What happens to your accounts when you die? OpenID calls for digital estate action

When people die, the fate of their digital accounts depends on a series of fragmented policies and legal systems rife with gaps, according to the OpenID Foundation. A new white paper from OIDF calls for governments, technology providers and international standards bodies to come together with coordinated steps to protect these digital estates and make them accessible to the right people.
In “The Unfinished Digital Estate,” co-authors Dean H. Saxe, Mike Kiser and Heather Flanagan, along with contributor Eve Maler, examine the gaps that not just bank accounts, but also emails, photos, creative work and social media profiles can fall into. The importance of properly managing this content has only increased as advances in deepfake technology have made it possible to impersonate deceased people for manipulation or fraud.
Saxe and Maler are co-chairs of OIDF’s Death and Digital Estate (DADE) Working Group, and Maler is well-known in the digital identity industry as the CTO of ForgeRock during its rise to IAM prominence.
“This issue affects every internet user eventually, yet platforms treat death as an edge case.
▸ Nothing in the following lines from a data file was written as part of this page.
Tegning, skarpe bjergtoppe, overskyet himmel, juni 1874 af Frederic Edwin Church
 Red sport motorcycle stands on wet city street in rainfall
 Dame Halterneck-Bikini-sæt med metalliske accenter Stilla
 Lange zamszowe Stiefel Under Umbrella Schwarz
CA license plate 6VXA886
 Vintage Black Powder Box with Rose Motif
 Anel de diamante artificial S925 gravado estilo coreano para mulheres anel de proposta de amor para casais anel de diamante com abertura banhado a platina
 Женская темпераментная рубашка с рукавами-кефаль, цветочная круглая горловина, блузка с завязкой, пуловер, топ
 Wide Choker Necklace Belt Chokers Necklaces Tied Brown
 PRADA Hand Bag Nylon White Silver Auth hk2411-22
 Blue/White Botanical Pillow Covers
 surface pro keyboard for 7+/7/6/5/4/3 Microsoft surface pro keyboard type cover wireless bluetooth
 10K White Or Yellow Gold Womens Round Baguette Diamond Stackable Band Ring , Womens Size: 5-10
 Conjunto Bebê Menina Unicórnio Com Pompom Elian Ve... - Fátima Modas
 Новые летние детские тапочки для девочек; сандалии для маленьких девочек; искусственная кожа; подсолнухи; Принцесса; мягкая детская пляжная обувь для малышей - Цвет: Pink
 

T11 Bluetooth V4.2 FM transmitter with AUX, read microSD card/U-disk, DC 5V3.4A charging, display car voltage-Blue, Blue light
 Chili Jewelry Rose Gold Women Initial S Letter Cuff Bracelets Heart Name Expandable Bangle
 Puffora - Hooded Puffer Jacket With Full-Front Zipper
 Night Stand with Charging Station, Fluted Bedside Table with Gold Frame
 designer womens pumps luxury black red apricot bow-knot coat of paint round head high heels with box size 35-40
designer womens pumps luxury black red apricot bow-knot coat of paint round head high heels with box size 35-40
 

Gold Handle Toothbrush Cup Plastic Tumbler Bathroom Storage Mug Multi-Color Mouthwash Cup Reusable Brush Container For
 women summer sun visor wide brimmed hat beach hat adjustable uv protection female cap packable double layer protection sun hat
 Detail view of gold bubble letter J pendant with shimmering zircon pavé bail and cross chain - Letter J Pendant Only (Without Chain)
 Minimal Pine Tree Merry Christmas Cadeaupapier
We have standards for authentication, authorization, and digital consent,” Saxe says. “We need the same coordinated approach for what happens when users die, before AI deepfakes make this even more complicated.”
The 43-page white paper notes that while some tools for managing digital estates are available, they are not widely adopted.
OIDF makes the case for lawmakers to formally recognize digital assets under inheritance law, clarify what rights and privacy protections continue after death and establish frameworks for handling cross-border digital property.
Tech platforms can move past credential sharing to adopt “on-behalf-of” delegation, put verifiable processes in place for dead and incapacitated people, give users control of how their data will be used after they die in advance and improve clarity around consent, revocation and auditability.
Standards bodies will need to work on the delegation protocols, verifiable triggers and trust frameworks involved while respecting cultural diversity. Some promising candidates are out there, OIDF says, including Sovrin’s guardianship credentials, Kantara’s delegation frameworks and MOSIP’s death registration integration.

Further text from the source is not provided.